Your goal.
Copy verbatim the span of lines beginning at the line that contains "N35204 @ CYYZ" and ending with the final line of the data. Exclude pictures from the copy.

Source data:
·····

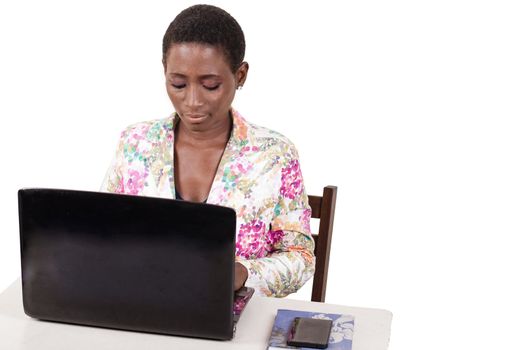 Young woman sitting in office working on laptop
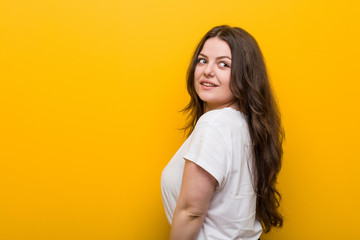 Wall Mural - Young curvy plus size woman looks aside smiling, cheerful and pleasant.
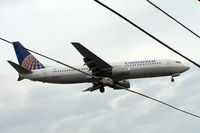N35204 @ CYYZ - Boeing 737-824 [30576] (Continental Airlines) Toronto-Pearson International~C 24/06/2005. Shame about the overhead wire but as it was pre winglet time have added. - by Ray Barber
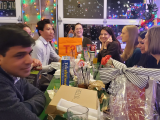 several people sitting around a dinner table with Christmas decorations.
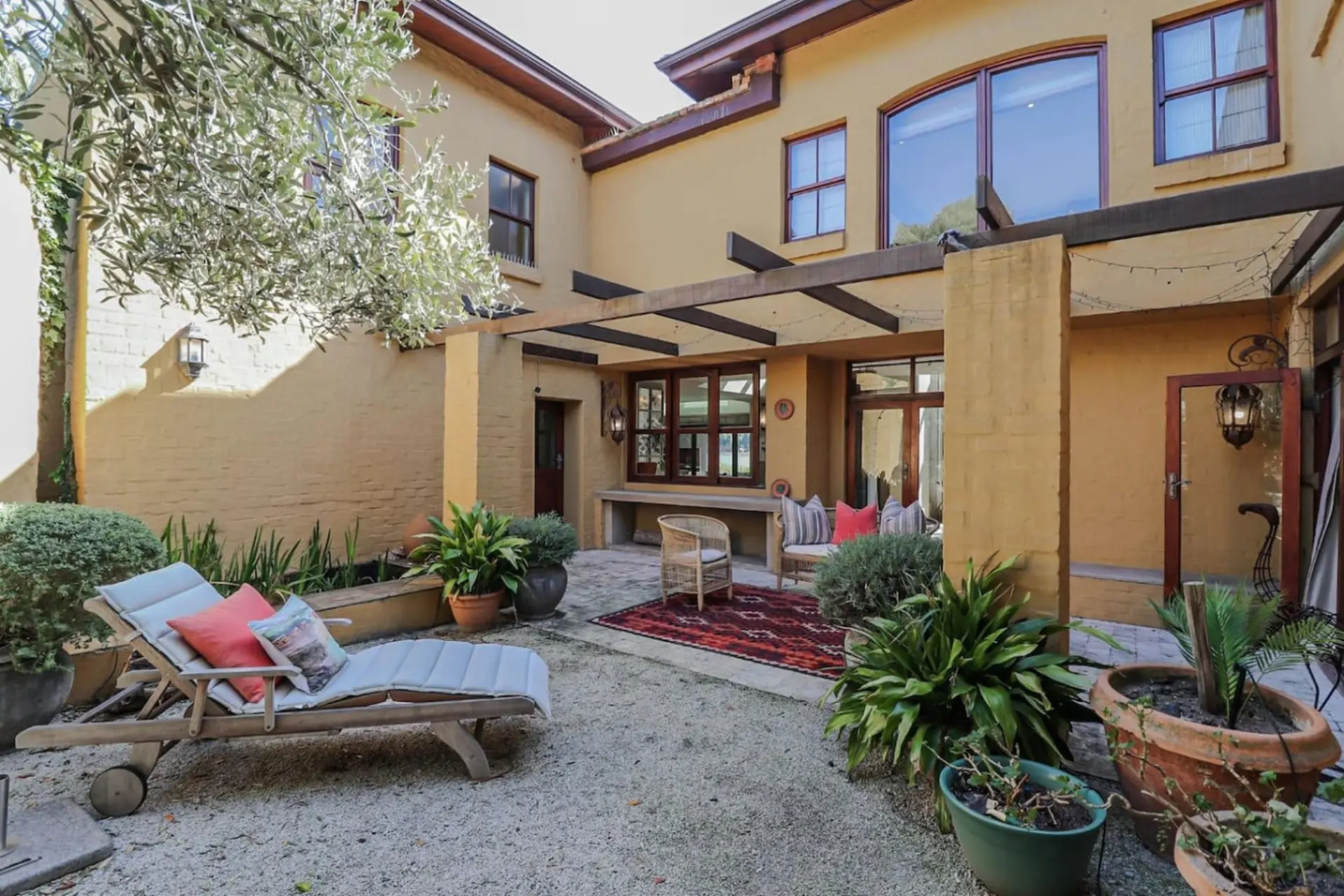 Outdoor courtyard with patio furniture, plants, and a stucco house.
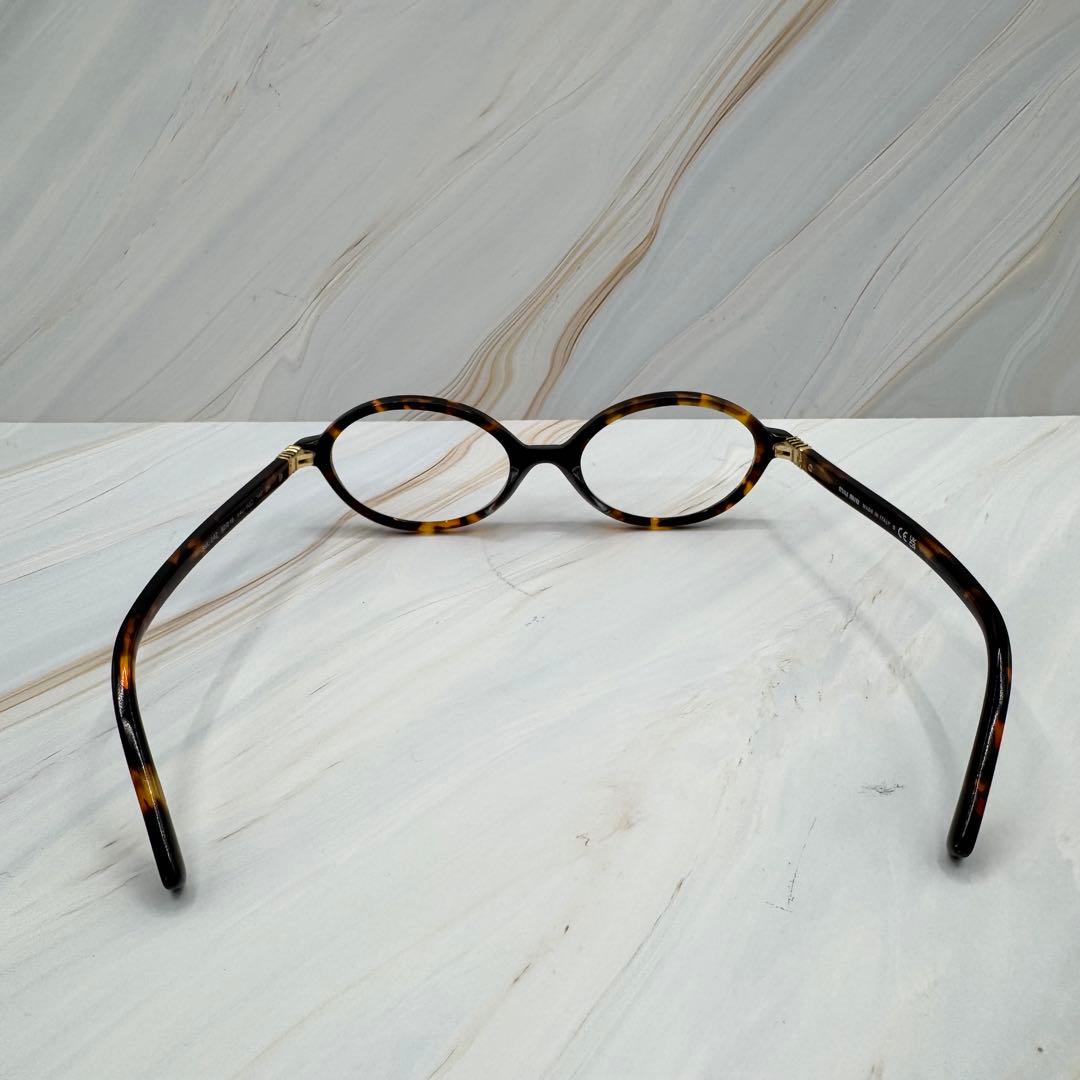 【ミュウミュウ】ウォニョン着用　 レンズなし　伊達メガネ べっこう柄　ロゴ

·····

Written solution.
N35204 @ CYYZ - Boeing 737-824 [30576] (Continental Airlines) Toronto-Pearson International~C 24/06/2005. Shame about the overhead wire but as it was pre winglet time have added. - by Ray Barber
 several people sitting around a dinner table with Christmas decorations.
 Outdoor courtyard with patio furniture, plants, and a stucco house.
 【ミュウミュウ】ウォニョン着用　 レンズなし　伊達メガネ べっこう柄　ロゴ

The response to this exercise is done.